Voter registration for upcoming elections in Kurdistan Region ends
ERBIL, Kurdistan Region - The voter registration process for the Kurdistan Region’s delayed parliamentary elections ended on Thursday, with nearly three million having registered for the poll, an official from Iraq’s Independent High Electoral Commission (IHEC) said.
Imad Jamil, the head of the IHEC’s media team, told Rudaw’s Hastyar Qadir on Thursday that the deadline for the voters to register for the upcoming parliamentary elections in the Kurdistan Region has now expired, adding that IHEC has no plans to postpone it further.
Jumana al-Ghalai, IHEC spokesperson later told Rudaw that the deadline has in fact been extended by five days.
The deadline initially expired on February 20 but was postponed to Thursday.
The Kurdistan Region’s parliamentary elections were initially scheduled for October 2022 but were then pushed to November of the following year due to disagreements among political parties over the election law.

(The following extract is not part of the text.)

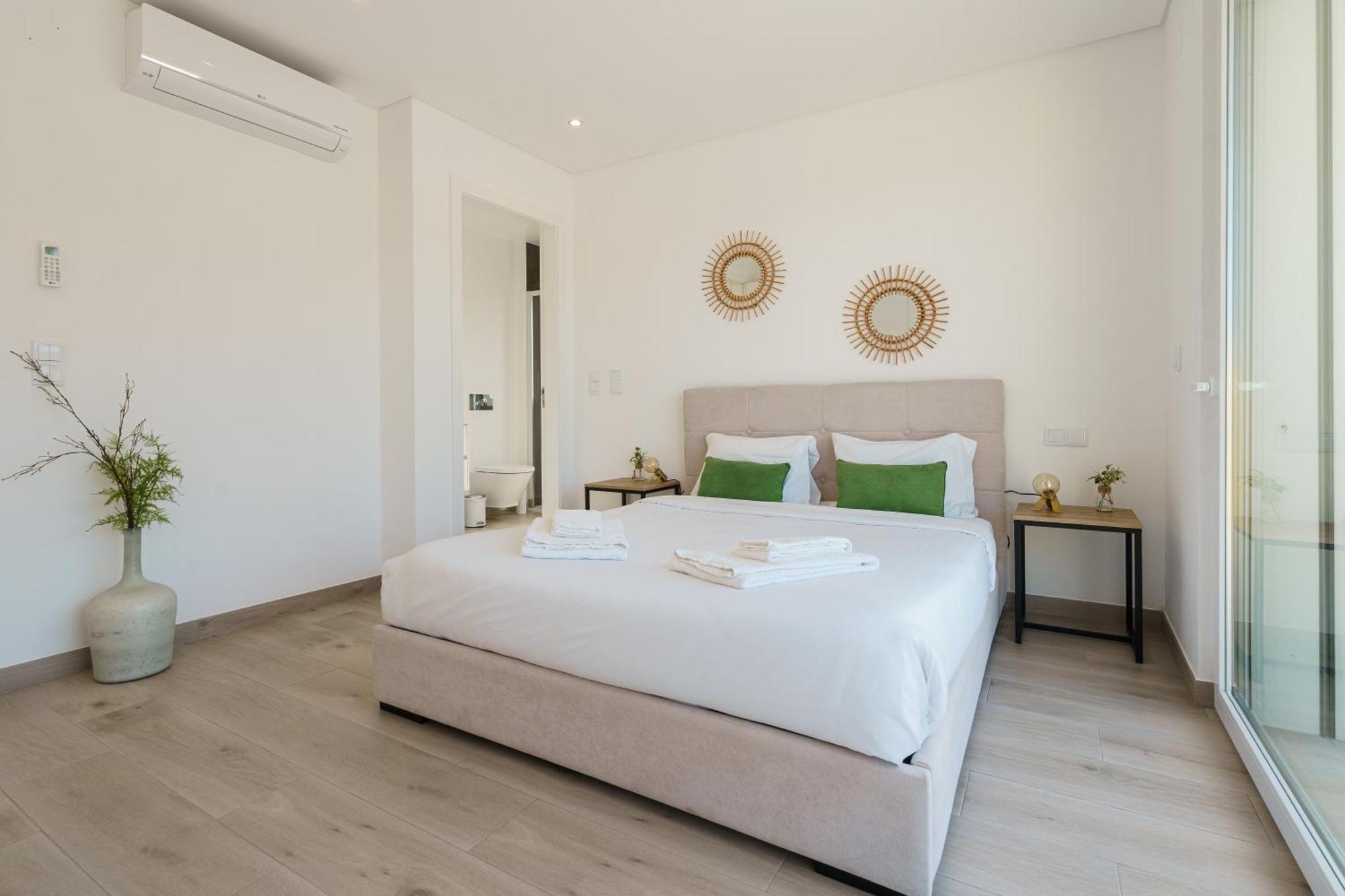 Ammos Villa, With Ocean View * Ribamar (Lourinha)
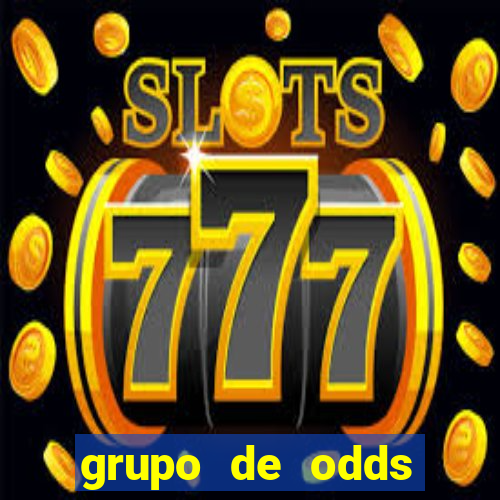 grupo de odds altas telegram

After an Iraqi court ruled against the self-extension of the Kurdistan parliament as a result of the delayed elections, the vote was postponed to February 25 of this year, this time under the supervision of the Iraqi electoral commission.
Rudaw has learnt that IHEC has suggested June for the polls and awaits the Kurdish authorities to set a new date.
Jamil said that while 3.7 million people were eligible to vote only 2.8 million have registered or updated their registrations, meaning that around a million voters will not be able to cast their votes in the Region’s upcoming parliamentary elections.
Iraq’s federal court recently ruled that the 11 quota seats in the Kurdistan Region’s parliament reserved for ethnic and religious minorities were “unconstitutional,” effectively rejecting the legitimacy of the seats.
According to a letter issued by the Kurdistan Regional Government’s (KRG) interior ministry on Sunday and seen by Rudaw, the ministry asked the political parties to submit the names of their lists, their agendas, and their logos by March 3 and instructed them to start preparing their lists of candidates for the general elections.